**Work request:** Restate each record below word for word, skipping images.

**Entries shown:**
※ ※ ※

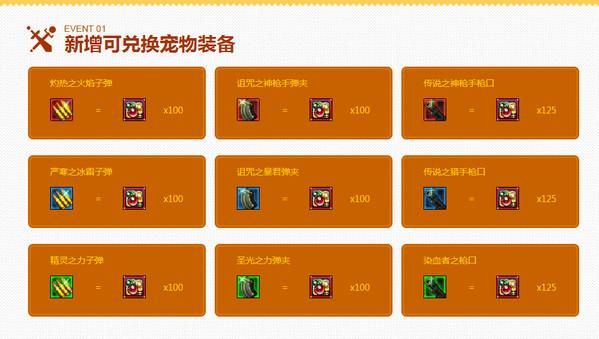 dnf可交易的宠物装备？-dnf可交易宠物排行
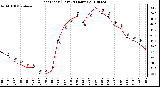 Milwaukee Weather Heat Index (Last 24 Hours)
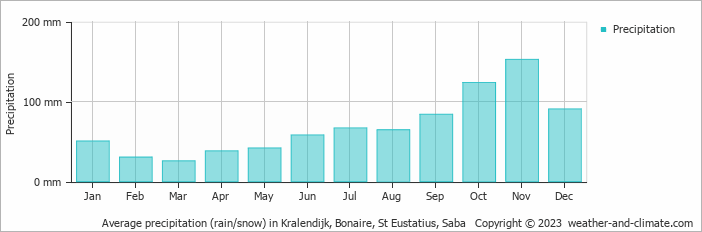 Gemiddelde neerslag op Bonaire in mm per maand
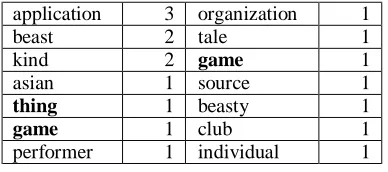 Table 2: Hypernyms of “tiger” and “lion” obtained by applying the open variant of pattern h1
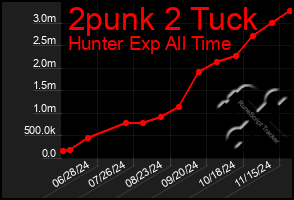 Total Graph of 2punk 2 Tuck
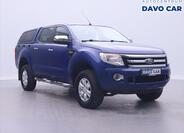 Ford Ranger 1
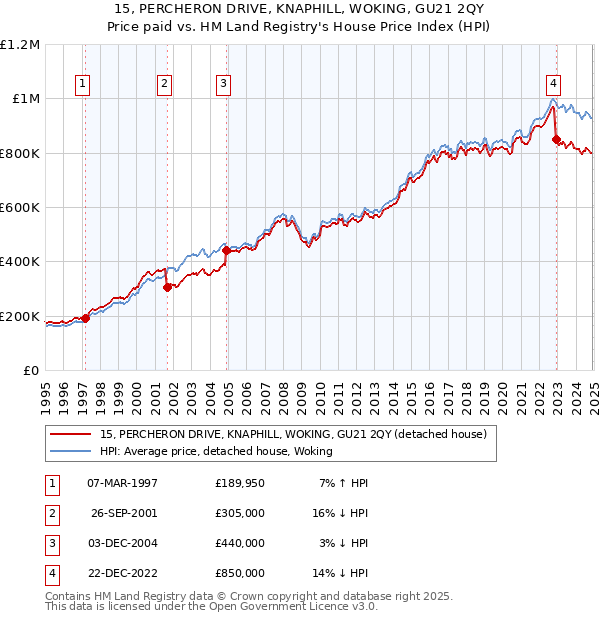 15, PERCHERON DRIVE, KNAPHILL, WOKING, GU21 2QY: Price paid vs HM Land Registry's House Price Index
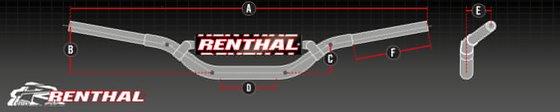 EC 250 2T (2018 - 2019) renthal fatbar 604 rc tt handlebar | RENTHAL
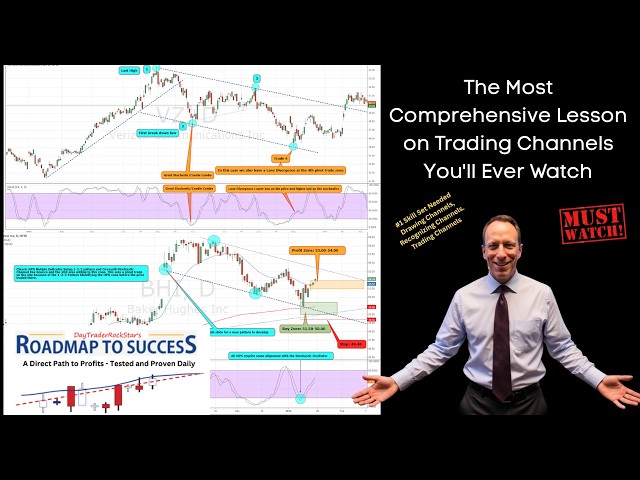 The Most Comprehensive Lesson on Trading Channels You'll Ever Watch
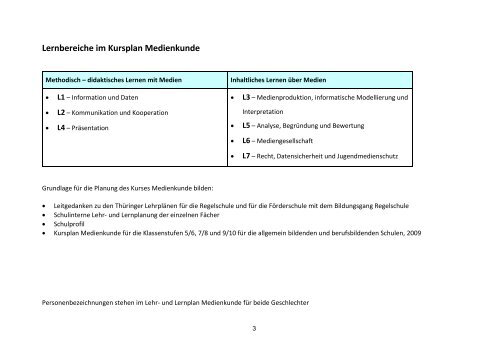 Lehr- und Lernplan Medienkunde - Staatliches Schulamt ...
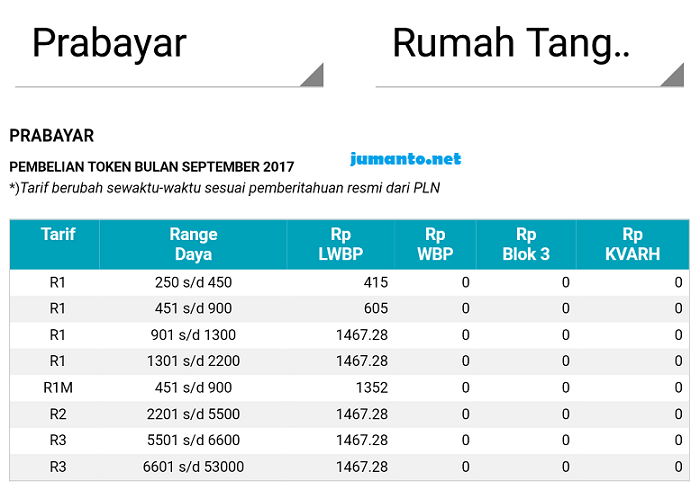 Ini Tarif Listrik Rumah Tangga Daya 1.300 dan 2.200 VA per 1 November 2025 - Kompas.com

※ ※ ※

**Solution to this exercise:**
 dnf可交易的宠物装备？-dnf可交易宠物排行
 Milwaukee Weather Heat Index (Last 24 Hours)
 Gemiddelde neerslag op Bonaire in mm per maand
 Table 2: Hypernyms of “tiger” and “lion” obtained by applying the open variant of pattern h1
 Total Graph of 2punk 2 Tuck
 Ford Ranger 1
 15, PERCHERON DRIVE, KNAPHILL, WOKING, GU21 2QY: Price paid vs HM Land Registry's House Price Index
 EC 250 2T (2018 - 2019) renthal fatbar 604 rc tt handlebar | RENTHAL
 The Most Comprehensive Lesson on Trading Channels You'll Ever Watch
 Lehr- und Lernplan Medienkunde - Staatliches Schulamt ...
 Ini Tarif Listrik Rumah Tangga Daya 1.300 dan 2.200 VA per 1 November 2025 - Kompas.com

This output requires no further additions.